Il nous revient en effet qu’une ou plusieurs associations de PO souhaitent profiter des importants changements qui seront occasionnés dans l’organisation de l’année scolaire pour revoir les prestations de vacances de l’ensemble des personnels engagés dans une fonction de promotion et de sélection.

Le congé de vacances d’été du personnel auxiliaire d’éducation, en ce compris celui en fonction de sélection (secrétaires de direction et économes) est déterminé par l’article 1er § 4 c) de l’AR du 15 janvier 1974 : «du 1er juillet au 25 août ou du 6 juillet au 31 août ». Certaines associations de PO défendent l’idée d’un alignement de ce régime sur celui des chefs d’établissement, soit du 6 juillet au 15 août.

N’ayant été à aucun moment consultés sur cette proposition, nous en comprenons difficilement le motif.

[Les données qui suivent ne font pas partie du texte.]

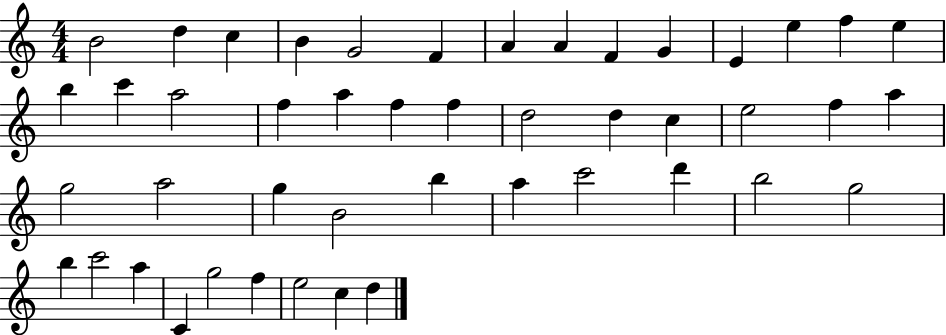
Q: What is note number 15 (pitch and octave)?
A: B5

La lecture d’une communication récente de la Fédération de l’Enseignement Secondaire Catholique nous offre cependant une piste. On peut en effet y lire « Le calendrier annuel serait également adapté pour les différentes fonctions en veillant à aligner celui des cadres (secrétaires de direction, éducateurs économes, chefs de travaux et d’atelier, …) sur celui de la direction, tout en leur préservant une période minimale de cinq semaines de repos. ». Ce qui sous-entend donc que, puisque nous serions des « cadres », il n’y aurait pas de raison que notre régime de vacances soit différent de celui des chefs d’établissement…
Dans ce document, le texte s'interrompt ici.